Though still at a very early conceptual stage this detector layout does address some basic requirements for study of e+e- annihilation at high energy. GISMO provides an opportunity to explore the feasibility of a compact calorimeter design featuring W-Si em and Fe-scintillator hadron sections. These detector specifications represent a starting point for a detector of this kind.
Calorimetry plays an important role in identifying high energy particles generated in modern accelerators. When atoms in the calorimeter are ionized, the freed electrons provide an observable charged particle energy loss. The nature of this process limits the detector in that only charged particles are visible to the instrumentation. Energy lost due to neutral particles becomes implicit in the gross energy loss logged by the detector. After charged particle contributions are determined, any outstanding energy is assumed to be the neutral contribution. When used in combination with the Tracking system, calorimeters can yield a great deal of information concerning ALL players in an event.
This process of neutral detection puts a premium on detector resolution, particularly on hadronic resolution. Accurate determination of charged particle energies implies accurate measurement of neutral energy loss in the system. NLD will have to distinguish neutral from charged particles if it is to reconstruct non-SM Higgs production and study SUSY at the weak interaction scale. A model-independent search for the Higgs boson will rely on good momentum resolution and two-track separation of the tracking system [6]. The energy resolution of the calorimeter subsystems will be discussed here as well as short-term development issues.
Moderately relativistic charged particles incident on a material lose energy primarily through ionization (ignoring radiative processes at very high energies). The mean rate of energy loss is given by the Bethe-Bloch equation [4]:
-dE/dx = Kz2 (Z/A)(1/b2) [(1/2)ln((2mec2b2g2Tmax) / I2) - b2 - d/2]
where Z = Atomic number of medium, A = atomic mass of medium, ze = charge of incident particle, bc = particle velocity, mec2 = e- mass x c2, I = intensity of incoming electrons, d = density effect correction factor, and Tmax = maximum kinetic energy imparted to a free e- in a single collision. The units are chosen so that dx is measured in mass/unit area (eg. g cm-2 ). The incident particle energy is defined as E = gMc2, where M = incident particle mass.
The rate of energy loss in a material depends on the atomic properties of that material. The radiation length (X0) of a material can be defined in terms of the fundamental processes at work in a detecting medium. Radiation length is the mean distance over which a high-energy electron loses all but 1/e of its energy by bremsstrahlung.

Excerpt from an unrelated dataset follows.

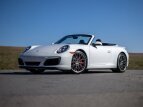 Thumbnail Photo 86 for 2017 Porsche 911 Carrera S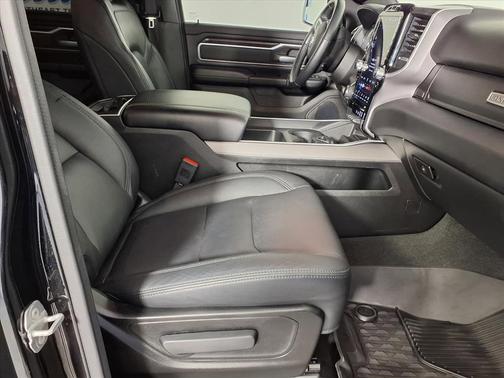 2023 RAM 1500 Lone Star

When a high-energy electron or photon is incident on a material it generates an electromagnetic cascade of lower energy electrons and photons. This process is a combination of bremsstrahlung and pair production in the absorber and active materials of the detector. An electron losses energy through bremsstrahlung at a rate approximately proportional to it’s incident energy E. The ionization rate varies according to log(E). The E where ionization and bremsstrahlung rates are in equal proportion is often quoted as the critical energy (Ec) of a material [1]. When shower electron energies fall below Ec, the ionization rate steadily increases taking over as the primary loss mechanism.

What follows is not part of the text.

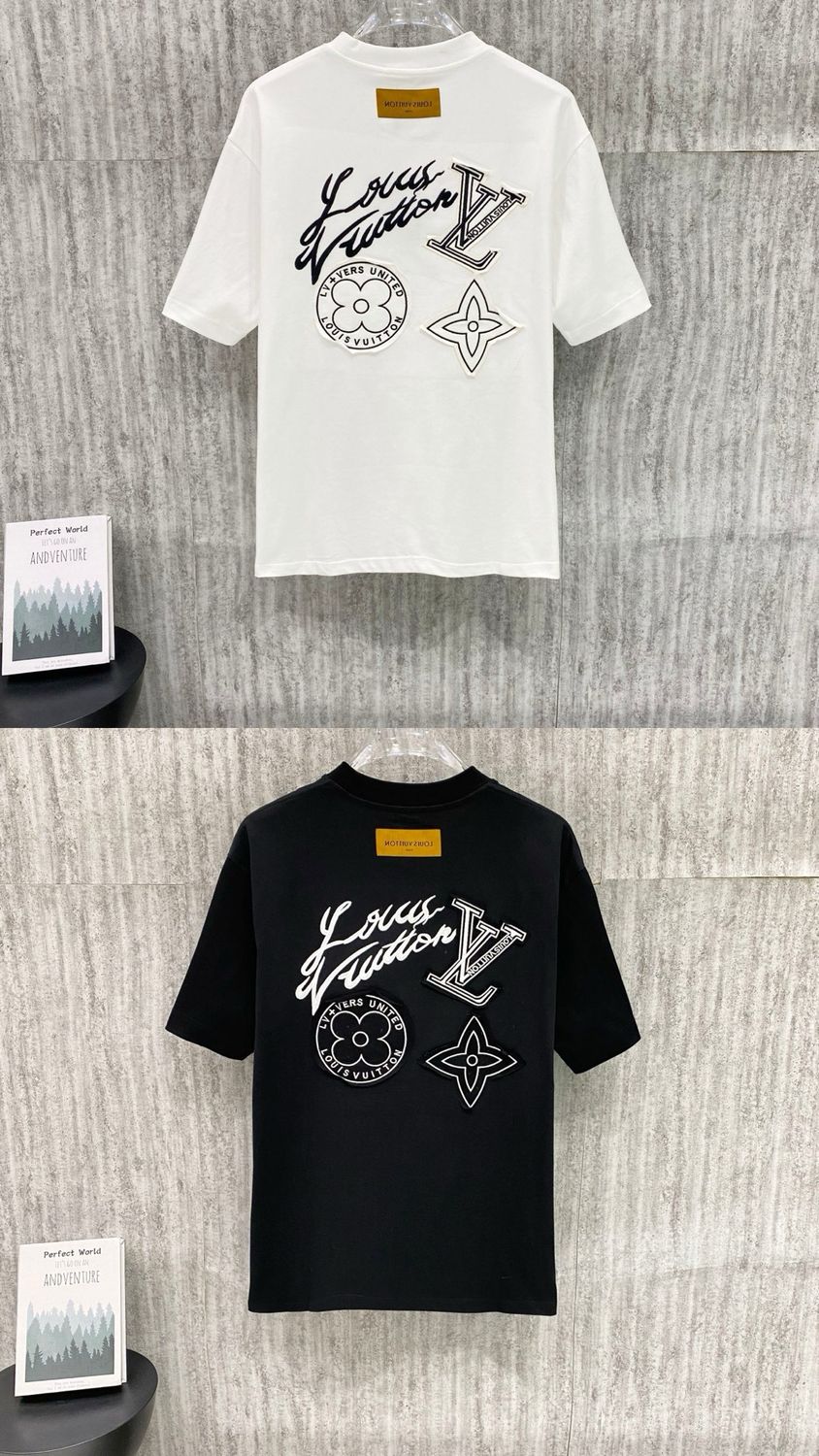 T-shirt 242 - 2 Colori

Hadronic showers involve em energy mechanisms but are substantially more complicated due to strong interaction and more exotic particle production. A high-energy hadron will interact strongly with calorimeter materials, usually producing mesons. The excited nuclei will release g's and nucleons which in turn may lose energy through ionization. These secondary particles (mesons, nucleons, g's) form other particles that interact electromagnetically, such as p0 and h. Energy dissipated through the release of nucleons is lost to the detector. This invisible energy can be recouped through neutron capture but has resulted in a detector signal degradation of up to 40% [4].
The number of particles contributing to a hadron signal (the number of em shower particles) is therefore smaller than that of a purely electromagnetic event. The ratio of particles produced varies widely and leads to a statistical interpretation of the detecting device.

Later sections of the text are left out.